É impressionante como os temas tratados pelo autor ainda são extremamente atuais. No livro, os terráqueos são vítimas de preconceito pelos cidadãos da galáxia. São considerados inferiores, mal educados, perigosos, doentes pelo excesso de radioatividade, e, mesmo embora muitos desses preconceitos sejam infundados, a humanidade que vive fora da Terra não está muito preocupada com a fundamentação dos seus argumentos. Todas as falas e discussões sobre preconceito, se retiradas do contexto do livro, se encaixam perfeitamente nas discussões que a gente vê todos os dias nas redes sociais.
"- Além disso, o senhor vai dizer que somos diferentes. Não somos seres humanos porque sofremos mutação mais rapidamente devido à radiação atômica e, portanto, mudamos em muitos sentidos... Isso tampouco foi provado.
- Mas acredita-se nisso.
- Enquanto se acreditar nisso, procurador, e enquanto nós da Terra formos tratados como párias, vocês encontrarão em nós as características às quais se opõem. Se nos pressionam além do que é tolerável, não é de estranhar que pressionemos de volta? Odiando-nos como nos odeiam, será que vocês podem reclamar que nós, a nosso turno, os odiemos também? Não, não, nós somos os ofendidos, e não os ofensores."
Um dos interessados em provar a humanidade dos terráqueos é o arqueólogo Bel Arvardan. Ele decide viajar à Terra para provar sua teoria de que a humanidade se originou há milhares de anos na Terra. Tanto tempo se passou desde então, e a humanidade se expandiu tanto pelo espaço, que sua origem foi esquecida e somente os terráqueos acreditam nisso. O consenso no meio científico é o de que a humanidade se desenvolveu independentemente em diversos globos e aos poucos se conectou através do Império. Mesmo essa teoria tendo bases não muito sólidas, não há um interesse em provar que os terráqueos possam de fato estar certos.
Ainda sobre o tema do preconceito, é interessante também a posição de Arvardan. Mesmo ele, sendo um defensor dos terráqueos, se vê a todo momento em conflito, tentando negar seu preconceito intrínseco a todo custo. Tem uma cena no avião que chega a ser engraçada, em que ele tenta provar a si mesmo que não é preconceituoso. É quase um "eu não sou
preconceituoso, tenho até amigos terráqueos" rsrsrs. A cena mostra bem o esforço que é necessário para desconstruir um preconceito e como é difícil impedir que ele brote em uma sociedade fortemente intolerante.
"Contudo, não dava para negar que sempre teria consciência do fato de que um terráqueo é um terráqueo.

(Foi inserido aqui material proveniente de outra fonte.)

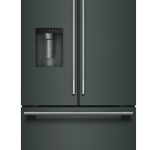 KitchenAid KRFF436SJP 36" French Door Refrigerator with Exterior Water and Ice Dispenser 30 cu. Ft. - Juniper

Ele não podia evitar. Esse era o resultado de uma infância imersa em uma atmosfera de intolerância tão completa que era quase invisível, tão absoluta que seus axiomas eram aceitos como uma segunda natureza."
Fora isso, há também a preocupação com o uso bélico de invenções científicas e com a questão nuclear, natural da época em que Asimov escreveu o livro. O autor também aborda a questão da velhice, que é, digamos, "proibida" na Terra do futuro. O Sexagésimo é um costume local que força a eutanásia nos indivíduos que atingem 60 anos. O Sexagésimo pode ainda ser antecipado caso a pessoa não consiga mais ser produtiva. A vida sem produtividade não tem valor para a população local, uma realidade assustadora para Schwartz, que estava entrando feliz na casa dos 60, aposentado, e sempre repetia para si os versos de Robert Browning:
"Envelheçamos agora
O melhor não demora
Para o fim da vida se fez o início..."
Mesmo se desconsiderarmos as questões sociais, a trama ainda assim é muito interessante e o livro consegue te prender com facilidade. Há algumas reviravoltas e os diálogos são excelentes. Como pontos negativos, elencaria só 2 (LEVES SPOILERS): o romancezinho entre Arvardan e Pola me pareceu meio bobo e desnecessário, e o final que, apesar de ter gostado, achei que poderia ter sido melhor. Fiquei pensando que se o livro terminasse no penúltimo capítulo, com um final aberto após a argumentação de Balkis, seria mais intrigante.